To get started, the first thing I did was mentally let go of the old school notion that 9am to 5pm is for work only and anything outside of that window is for non-work activities. Allowing myself to get comfortable with the idea of taking time out in the middle of the workday for a non-work activity was definitely the hardest part, but once I got my head around the concept, I started to realize not only was it OK, but it was actually healthy and extremely productive. It's quite amazing how something so silly can have such a profound impact; as long as you get the work done in a timely manner and to the best of your ability, does it really matter when it's done?
After coming to this realization, I figured out the time I needed to be available and then visibly blocked it out in my calendar. While this may seem trivial, I've found it's a lot easier to hold myself accountable when it's prominently displayed for me to see. Next, I went through the entire week asking myself two simple questions:
1. Can a specific task be done without me?
2. Can this task be pushed to a later date?
If the answer to either of these questions was yes, I either declined, delegated, or rescheduled the meeting for a later time. This exercise was highly effective and organically created an atmosphere of prioritization in terms of how I spent my day. I found myself more focused and less distracted as each meeting and activity had a clear purpose and objective.
The final piece of the puzzle was to make sure I kept to the schedule and made the most of the time I had each morning.
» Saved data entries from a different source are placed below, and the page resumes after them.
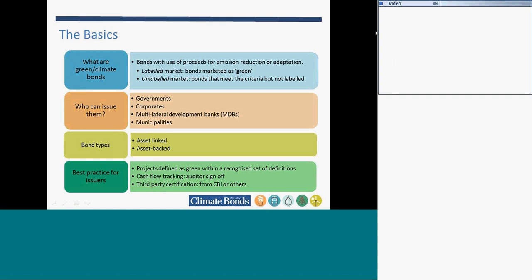Climate bonds are bonds whose proceeds are for emissions reduction or adaptation. We split the market into two parts: the labeled market includes bonds that have been marketed as green, where the use of proceeds is stated as green. The unlabeled market includes bonds that meet that criteria but aren't labeled and marketed as such, perhaps from pure play companies in renewable energy or energy efficiency.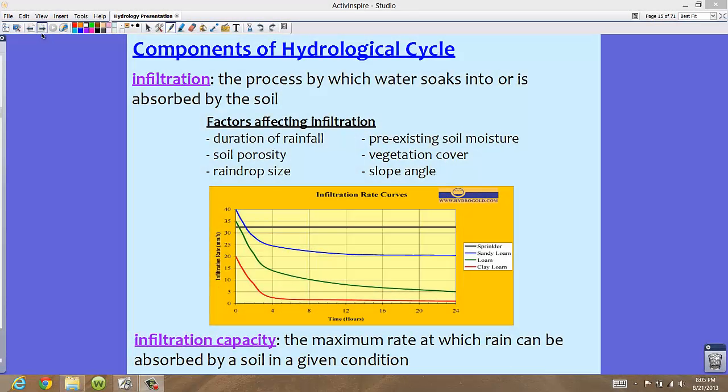Now let's take a look at the fourth component of the hydrological cycle, and this is infiltration. Infiltration is the process by which water soaks into or is absorbed by the soil.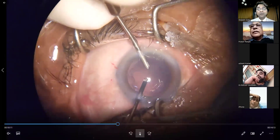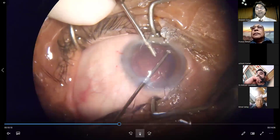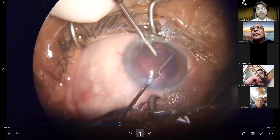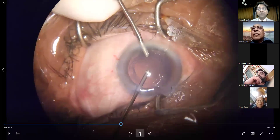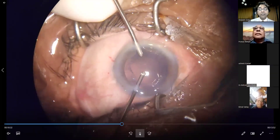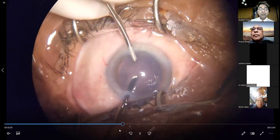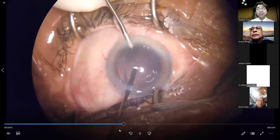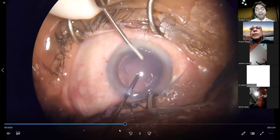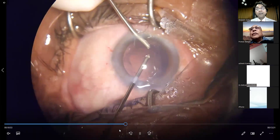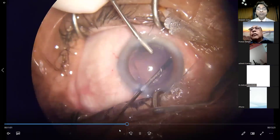Continuing with the removal of vitreous, and then using the cutter itself as an irrigation-aspiration probe, you can remove the leftover cortex. Once you've done your anterior vitrectomy, whatever residual cortex remains must ideally be removed, because leaving behind cortex will cause inflammation. Sometimes the cortex can fall back into the vitreous. The ideal parameter for anterior vitrectomy is a cut rate of around 2500 cuts per minute and a vacuum of around 100.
The biggest thing for me was to not allow myself to get sucked into a big task like reviewing a large document in the thirty minutes leading up to my departure time for camp drop-off but to also remain open minded and flexible, such as taking a call in the car if needed.
Overall, the outcome of this week was extremely satisfying and may actually be one of the biggest benefits to come out of COVID and working remotely. Either way, I would definitely encourage you to work smarter as opposed to longer, regardless of whether it’s restructuring your day so the most important tasks get done first, or like me, simply going through and reevaluating what meetings you attend versus the ones you don't. If you still aren't sold, go ahead and run a quick google search of productive work hours; you're sure to find copious articles and studies stating how the average employee is only productive three hours per day, or an average of 12.5 hours per week. Based on this knowledge, give yourself permission to take control of your day and find innovative ways to maximize productivity and remember don't be afraid to let go of the 9-5 mantra every now and then.